> Provided information
---

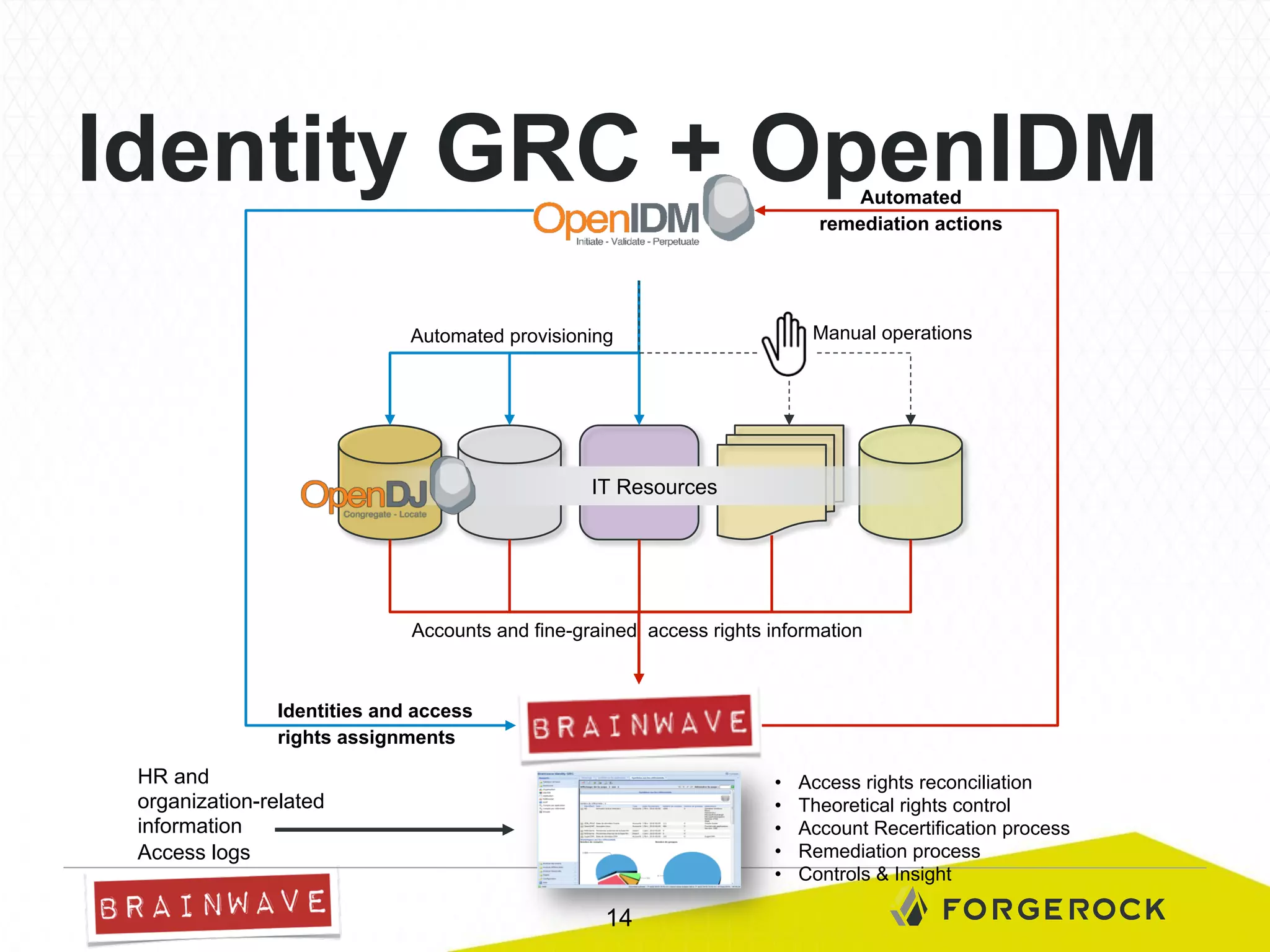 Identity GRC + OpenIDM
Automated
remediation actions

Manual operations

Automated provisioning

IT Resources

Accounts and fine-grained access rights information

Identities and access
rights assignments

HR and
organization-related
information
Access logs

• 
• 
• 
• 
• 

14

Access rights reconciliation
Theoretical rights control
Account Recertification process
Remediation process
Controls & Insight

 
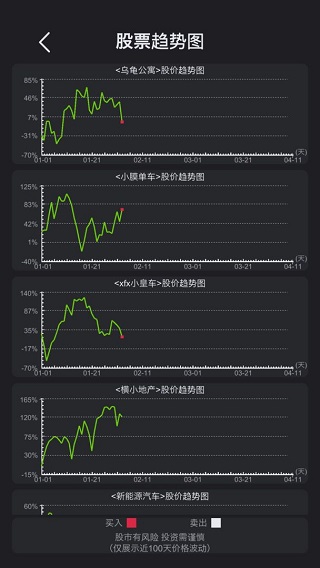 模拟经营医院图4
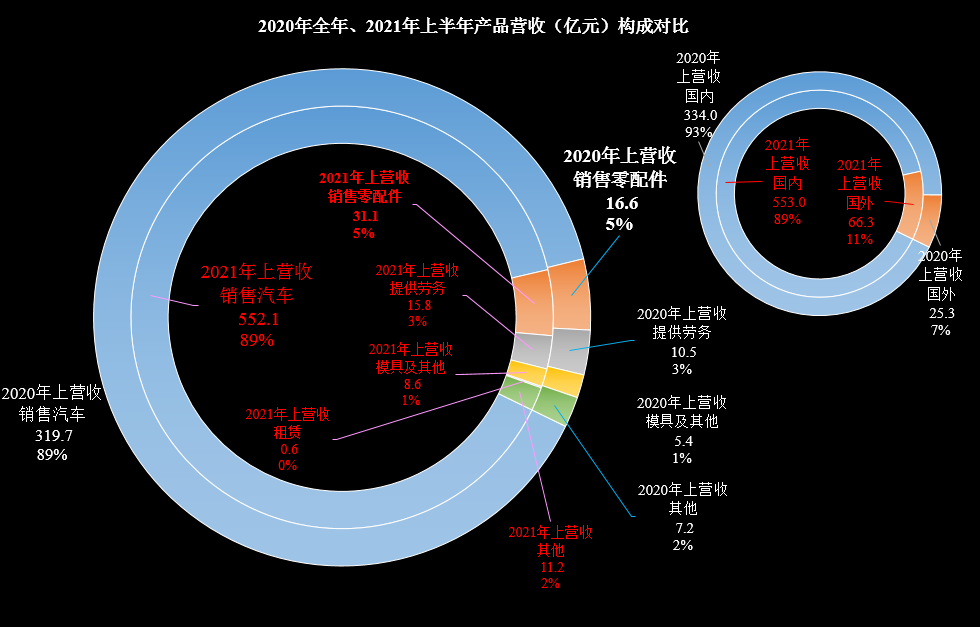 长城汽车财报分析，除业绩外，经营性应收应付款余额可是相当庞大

---

Nothing but the pictures should be left out when the listing above is transcribed.

> Solved problem
 Identity GRC + OpenIDM
Automated
remediation actions

Manual operations

Automated provisioning

IT Resources

Accounts and fine-grained access rights information

Identities and access
rights assignments

HR and
organization-related
information
Access logs

• 
• 
• 
• 
• 

14

Access rights reconciliation
Theoretical rights control
Account Recertification process
Remediation process
Controls & Insight

 
 模拟经营医院图4
 长城汽车财报分析，除业绩外，经营性应收应付款余额可是相当庞大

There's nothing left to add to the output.